But I am a wimp of my word, and now that I'm feeling better, it will happen (and video will be posted) this weekend. As for Week 2, the side bet: loser drinks a whole raw egg, Rocky-style.

First, the reigning champ's picks:

ARIZONA -23 vs. Toledo

Wildcats vs Mudhens. I'll take the one with the big ol' fangs and sharp claws that likes to score 70 points on teams traveling across the country.

ARIZONA STATE -14 vs. Stanford

Trap game my ass. The Devils have been impressive at home since Erickson took over, and hotshot Harbaugh will be their next victim. Besides, the Cardinals only play well on the road when in Los Angeles. Whoops...

West Virginia -7 1/2 vs. EAST CAROLINA

Skip Holtz is the toast of the proverbial town at the moment, and while his team is certainly up and coming, West Virginia has too many weapons for them to handle. Pat White...he's good.

California -13 1/2 vs WASHINGTON STATE

Christ, I'm picking all favorites and now two of them are on the road. While the only thing the Cougars are good at is getting arrested, I have a feeling this week is not going to end well for me.

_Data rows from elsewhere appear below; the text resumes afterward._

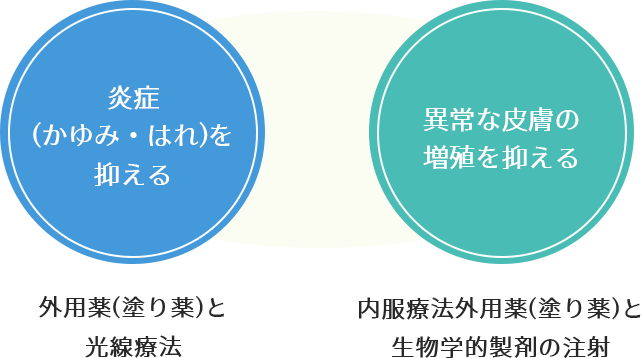 治療法は大きく、①炎症(かゆみ・はれ)を直接抑える　②異常な皮膚の増殖を抑える　の2つに分けられます。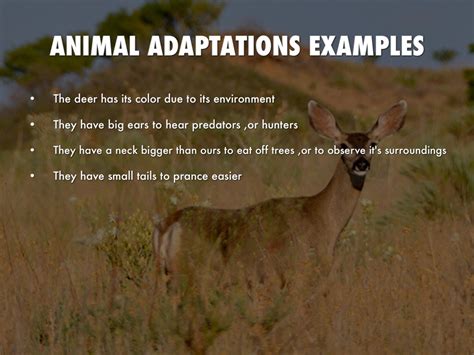 Grassland Animal Adaptations
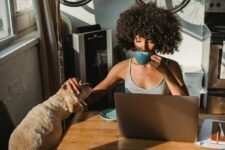 pet ownership necessities list
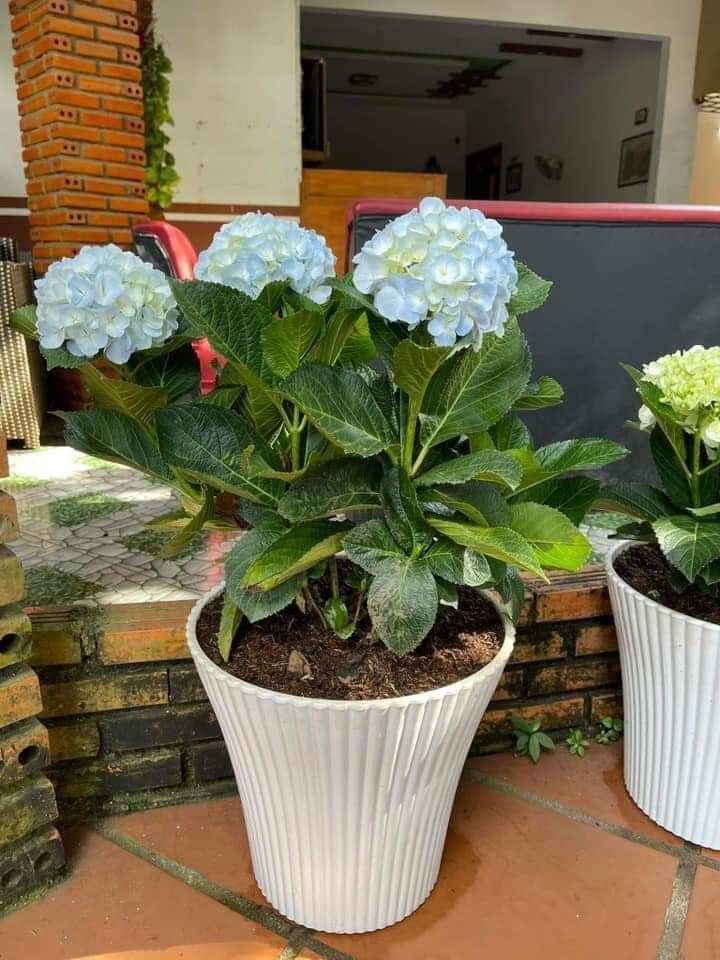 CHẬU CÂY HOA CẨM TÚ CẦU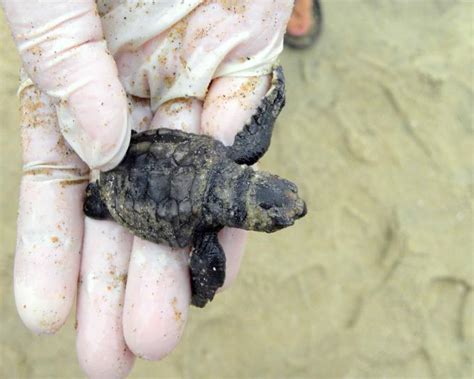 Free picture: loggerhead, sea, turtle, hatchling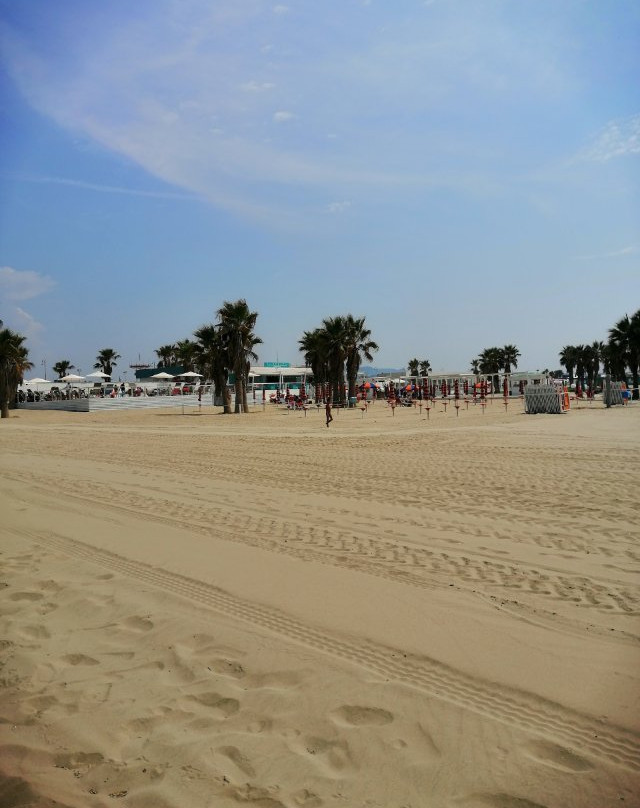 Lido Del Sole景点图片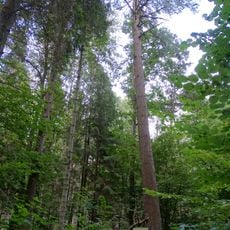 Žagarės miško veimutinė pušis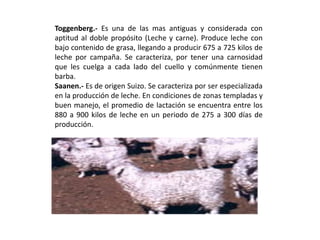 Toggenberg.- Es una de las mas antiguas y considerada con
aptitud al doble propósito (Leche y carne). Produce leche con
bajo contenido de grasa, llegando a producir 675 a 725 kilos de
leche por campaña. Se caracteriza, por tener una carnosidad
que les cuelga a cada lado del cuello y comúnmente tienen
barba.
Saanen.- Es de origen Suizo. Se caracteriza por ser especializada
en la producción de leche. En condiciones de zonas templadas y
buen manejo, el promedio de lactación se encuentra entre los
880 a 900 kilos de leche en un periodo de 275 a 300 días de
producción.
 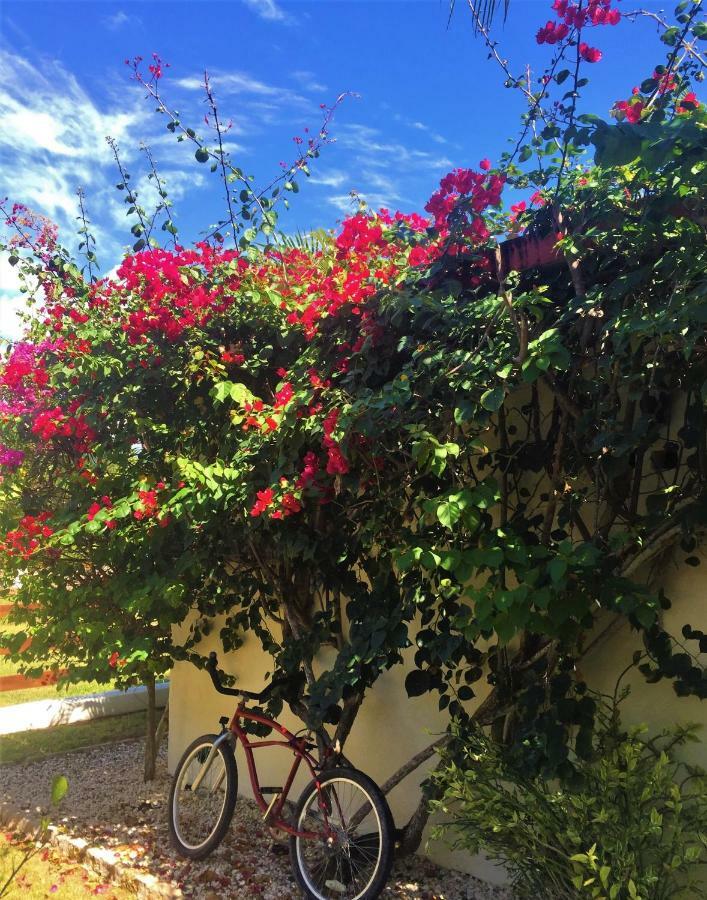 Royale Manor Villa Corozal Bagian luar foto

Houston +16 vs OKLAHOMA STATE

The 40-year old man's defense is suspect. Houston won't be winning this one but they'll at least make T. Boone Pickens's ass twitch.

And now for The Duke:

Louisiana Tech +20.5 vs KANSAS

I'm more impressed with Lousiana Tech beating a bowl team last week (Mississippi St.) than I am with Kansas blowing out a God-awful team (Florida Atlantic). Don't sleep on the Bulldogs! Plus, I'm guess Mark Mangino spent most of the week in a meat-related coma after eating about 100 kajillion pounds of hot dogs, hamburgers, and gristle from the grill and countless barbeques over Labor Day weekend, so I suspect the Jayhawks won't be as prepared as usual.

California -13.5 vs. WASHINGTON STATE

Cal can't play defense worth a lick, but at least they can score a bunch of points, which is more than I can say for Washington State this season. The Golden Bears aren't as great as their fans think they are, but the Cougars are the worst team in the conference, and there is no way they can score enough points to make this interesting. If this game was at Pullman in November, I'd feel differently.

GEORGIA -23.5 vs. Central Michigan

The Bulldogs fell out of the No. 1 spot last week because they only won their opening game by 24. Do you think they are going to settle for anything less than crushing their next opponent by 50 or more? I feel sorry for the poor Chippewas.

Texas A&M -2.5 vs. NEW MEXICO

Yes, I'm betting on a team that just lost to Arkansas St. At home. And that is coached by Mike Sherman. But New Mexico also looked lousy against TCU. And Texas A&M needs this game...badly. I just don't see them laying a total egg two weeks in a row.

Texas Tech -10.5 vs. NEVADA

Yes, the Wolf Pack are a pretty impressive team, and one of the few squads that could probably trade points with the Red Raiders and survive. But this spread is all wrong to me. Mike Leach is going to be pissed that Tech "only" scored 49 last week against Eastern Washington, and be out for blood (and to pad some individual stats). What I really want to do is take the over on this one: the line is set at 66, but I think 100 would be a more realistic benchmark.